No nos entendemos. Más allá del lugar en dónde nos encontremos, no nos entendemos. No podemos ni siquiera conversar o discutir, porque no manejamos un código común que nos permita comunicarnos. Algunos entienden por “justicia” una cosa y otros, su sentido divergente. Algunos entienden por “progreso” una cosa y los demás, otra.
En ese proceso, los grupos enconados se acusan de ser responsables de la situación de fractura fratricida. De ahí que las mutuas sospechas se acrecienten. Y por ello, la ira, el odio, la repulsión se comiencen a apoderar de las opiniones, de los juicios, de las evaluaciones. Ya no hay distancia crítica.

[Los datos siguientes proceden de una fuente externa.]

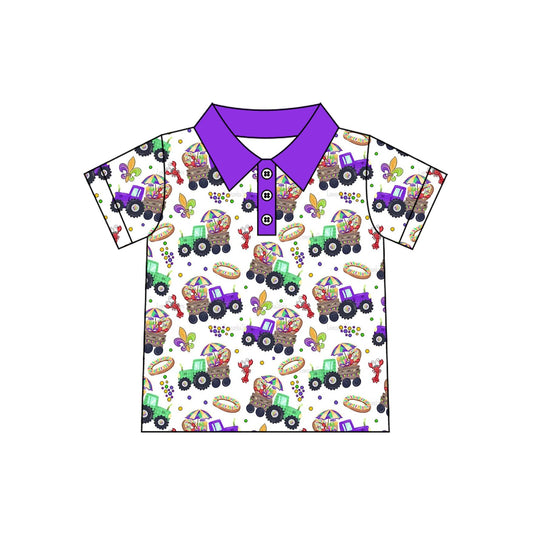 Mardi Gras boys short sleeve pullover top preorder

Sino la afirmación identitaria de que se es poseedor de la única narrativa que nos conduce a la verdad sobre el ser social. Lo auténticamente “peruano” es esto o aquello. Y lo “no peruano” es esto o aquello.

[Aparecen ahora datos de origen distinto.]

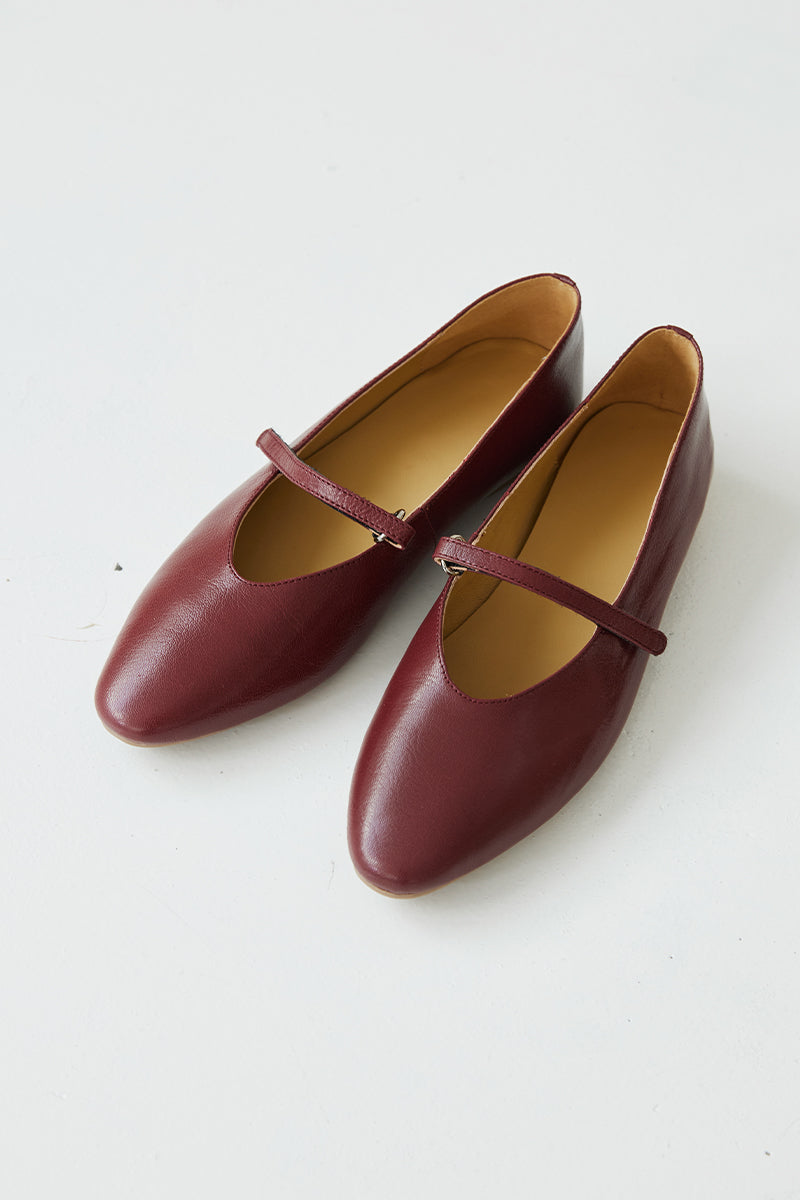 Allegro Calf Leather Maryjane Flats in Wine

Cuando la confrontación ha diluido las formulaciones ideológicas, sean políticas o económicas, los individuos tienden a reunirse alrededor de las creencias de sustento más primario. El color de piel, la procedencia local, las costumbres, etc., se convierten en los referentes sobre los cuales se cimienta la pertenencia y la identidad. Se enfatiza lo propio y se estigmatiza lo ajeno. La sola presencia de lo otro, se vuelve irritante o una experiencia perturbadora. Ya desde el pensamiento, se busca desaparecer la otra existencia o destruir los símbolos que lo representan.
Estas tendencias de identitarismo extremo suelen ser menos evidentes cuando la situación política y económica es relativamente estable. Pero empiezan a tomar relevancia en la medida que las crisis políticas y económicas se hacen endémicas y llevan al colapso del sistema social. En esa situación, las fracturas de una sociedad se acrecientan y los sentimientos de gregarios de enemistad se profundizan.
La situación actual es de tal gravedad que nos puede conducir a la anarquía y, en ese proceso terminal, a la desaparición del Estado peruano tal como lo hemos conocido. De ahí que resulte fundamental asumir con realismo la magnitud de lo que estamos viviendo, y la imperiosa necesidad de un nuevo contrato social que tome en cuenta algo que no se ha considerado hasta ahora, que nuestro país está conformado por una pluralidad de formas de ser (y de vivir), unidos por una narrativa histórica más o menos común.
La situación actual no debiera ser simplificada a un conflicto de perspectivas ideológicas o de intereses particulares. En este caso, se trata de un choque entre varias formas de ser y de vivir, las mismas que carecen de una “koiné” que permite los supuestos mínimos para un diálogo entre las diferencias. Ojalá que por la paz futura y a fin de evitar la anarquía disolvente se observe la magnitud de la tragedia actual.